= Rafique Saigol =

Pakistani businessman

Mian Muhammad Rafique Saigol (1 September 1933 – 10 December 2003) was a Pakistani businessman and politician who served as a member of the National Assembly of Pakistan in 1965. He also served as a chairman of the Pakistan International Airlines.

==Biography==
Rafique Saigol was born on 1 September 1933 in Kolkata, British India to Mian Yousuf Saigol, who founded Saigol Group. He received his early education at The Doon School and Aitchison College. Later, he attended Clemson University, where he studied economics and textile management, graduating in 1953.

After completing his education, Saigol became the managing director of Kohinoor Textile Mills in Lyallpur (now Faisalabad). Later, he also served as the chairman of the All-Pakistan Textile Mills Association and as the president of the Lahore Chamber of Commerce.

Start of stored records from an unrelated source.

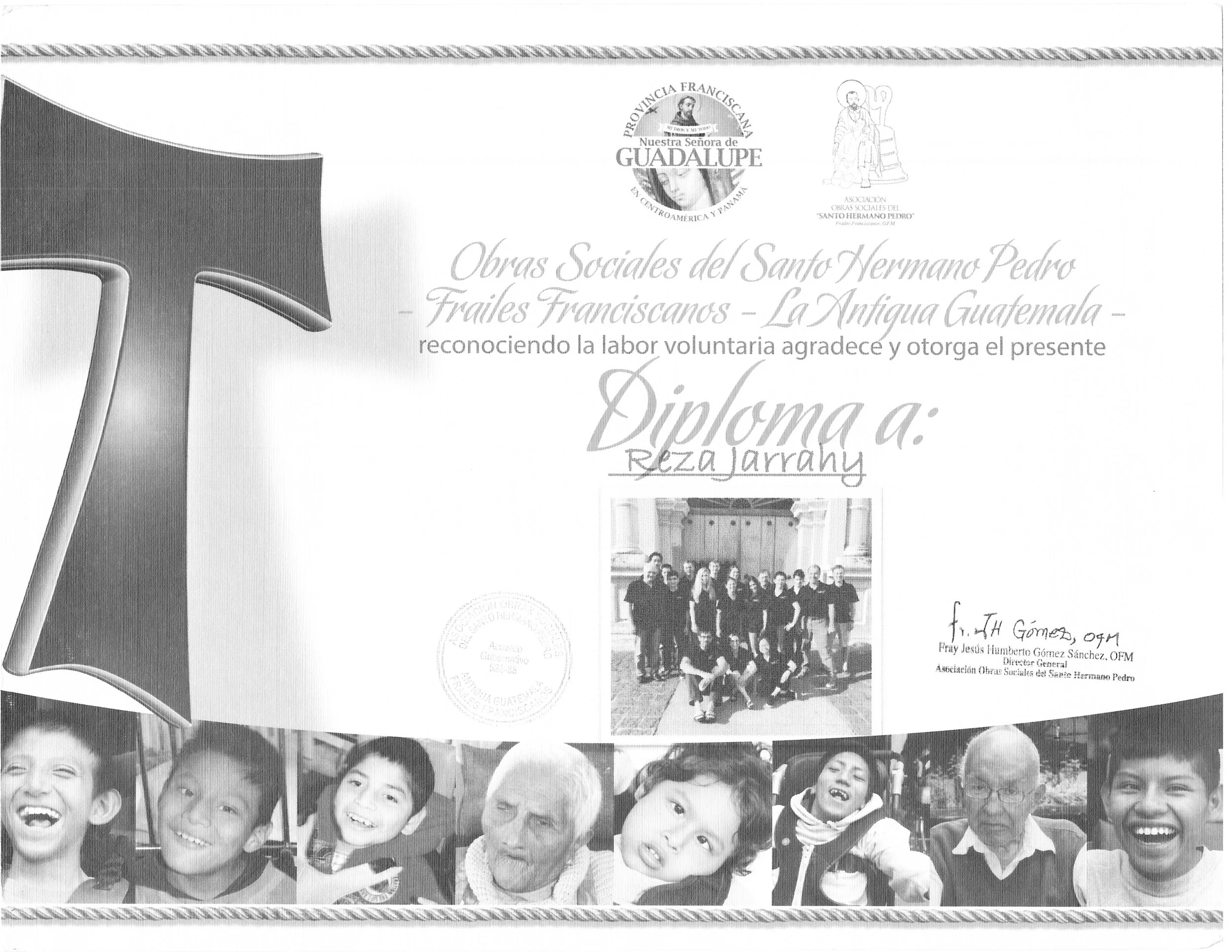 obras certificate june 2017.jpg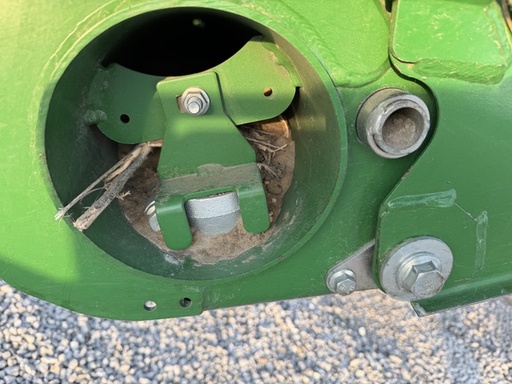 https://photos.machinefinder.com/49/11407349/76833264_large_83312.jpg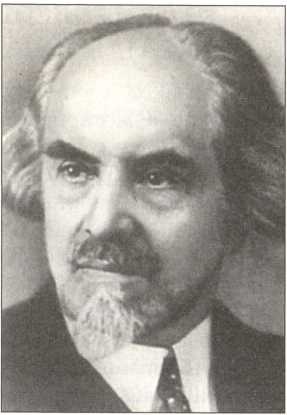 Иллюстрация к книге — Русский Лондон [i_043.jpg]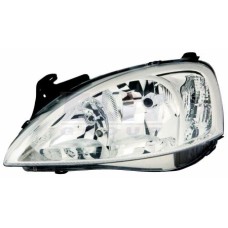 Depo 442-1125L-LDEMD -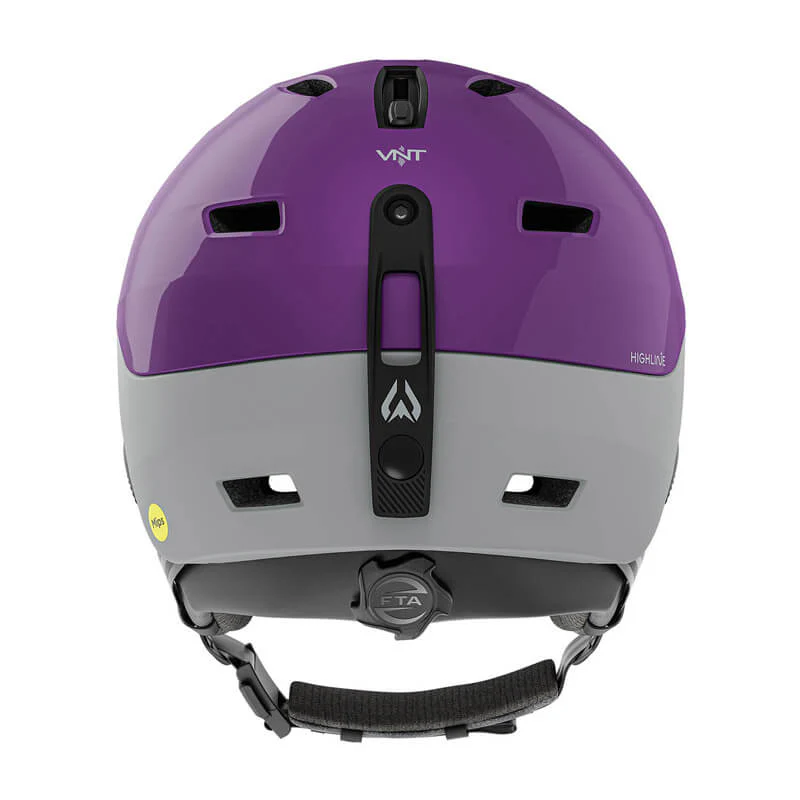 Product image 119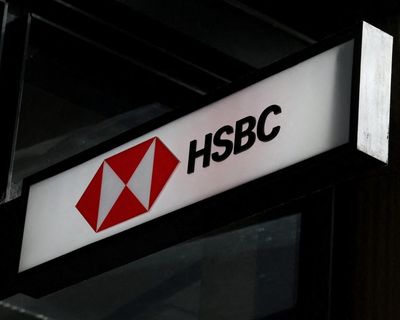 HSBC to close all branches and pull out of Australian retail banking market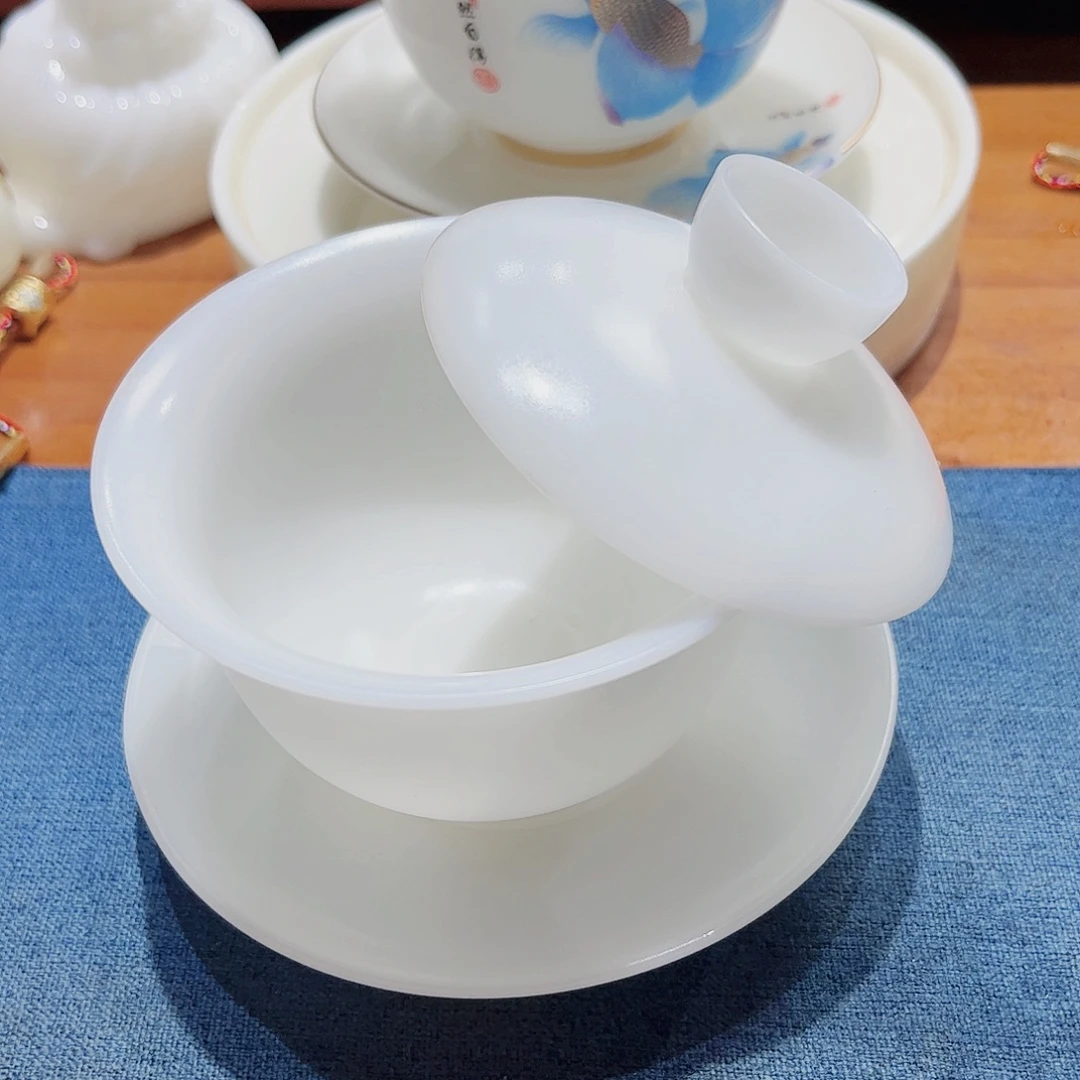 素烧璞玉155cccccc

In 1965, Saigol entered politics and was elected to the National Assembly of Pakistan, representing Lyallpur. During his time in the National Assembly, he served as the parliamentary secretary to the Ministry of Communications. He also acted as an adviser to Zulfikar Ali Bhutto. During the nationalization period in Pakistan, Saigol was appointed as a chairman of Pakistan International Airlines in 1972.

Saigol was also one of the founders of the Lahore Stock Exchange and United Bank Limited. One of his younger brother was Azam Saigol. His sister Naz Saigol is married with Mian Mansha.